U.S. Secretary of State Michael Pompeo expressed his concern about Turkey’s actions in the Eastern Mediterranean after a meeting in Nicosia on Saturday with Cypriot President Nicos Anastasiades.
“We remain deeply concerned about Turkey’s ongoing operations searching for natural resources in areas over which Greece and Cyprus assert jurisdiction in the Eastern Mediterranean,” Pompeo stated.
The top American diplomat stressed that the relationship between Washington and Nicosia “has never been better” and noted his decision on September 1 to temporarily waive export controls on direct commercial sales of non-lethal defense articles and services to Cyprus.
Fantastic to see Cyprus President Anastasiades today in Nicosia. The Republic of Cyprus is a key partner in the Eastern Mediterranean and we are committed to deepening our bilateral relationship. pic.twitter.com/vPlO3JVVWZ
— Secretary Pompeo (@SecPompeo) September 12, 2020
“Countries in the region need to resolve disagreements – including on security and energy, resource and maritime issues – diplomatically and peacefully,” Pompeo said and added:
“Regional cooperation is absolutely necessary for durable energy security, the creation of new markets, and economic prosperity in the Eastern Mediterranean.
“We remain deeply concerned by Turkey’s ongoing operations surveying for natural resources in areas over which Greece and Cyprus assert jurisdiction in the Eastern Mediterranean.
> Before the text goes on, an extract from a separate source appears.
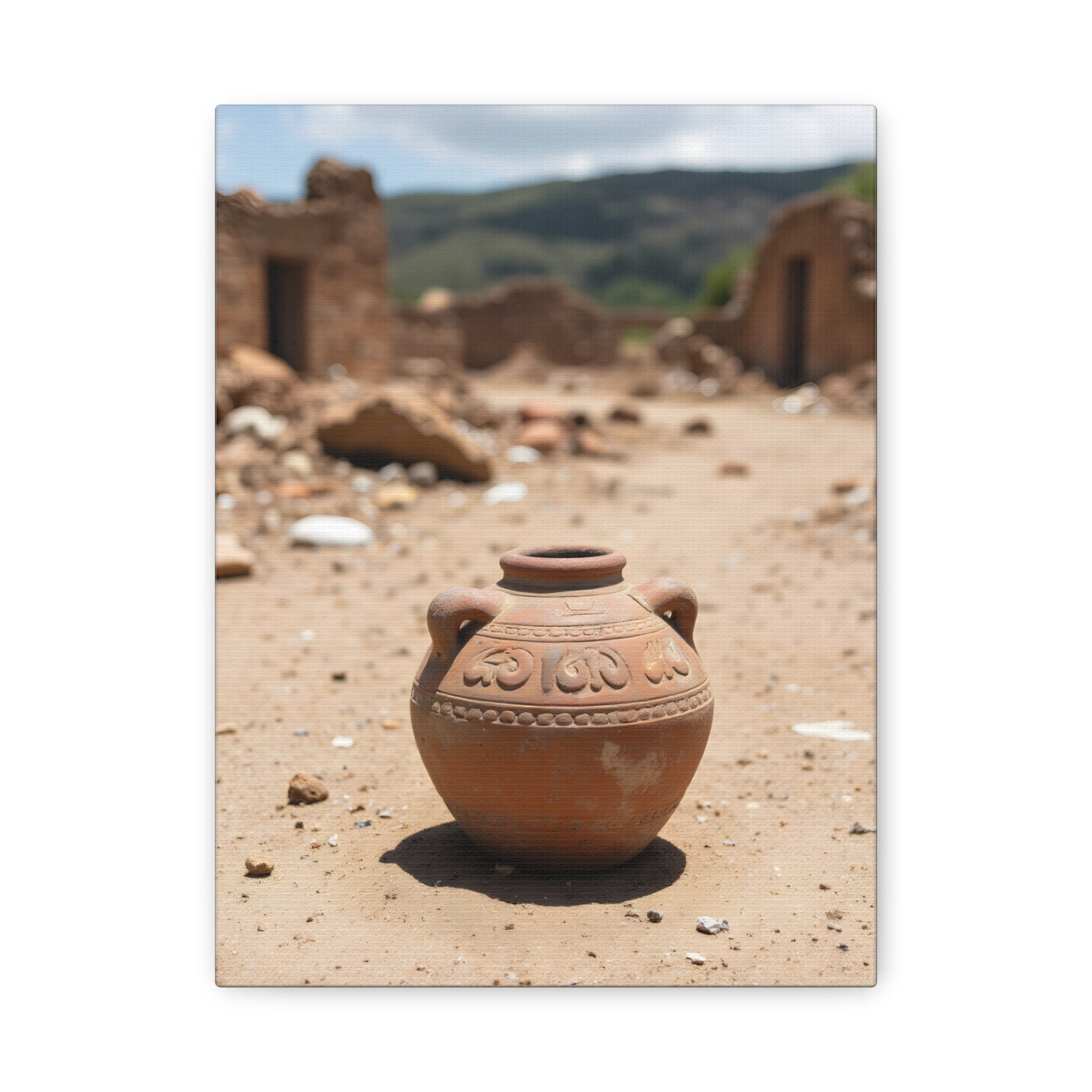 Rustic Terracotta Pot Photo Canvas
The Republic of Cyprus has the right to exploit its natural resources, including the right to hydrocarbons found in its territorial sea and its economic – exclusive economic zone.
“We also believe that the resources of Cyprus should be shared equitably among the Greek Cypriots and Turkish Cypriots communities.
Pompeo also announced that the US and Cyprus signed an agreement to create a new training center to be funded by the United States and built on Cyprus.
It will provide expertise for the rest of the region on border security and nonproliferation and will be known as the Cyprus Center for Land, Open-seas, and Port Security, or CYCLOPS.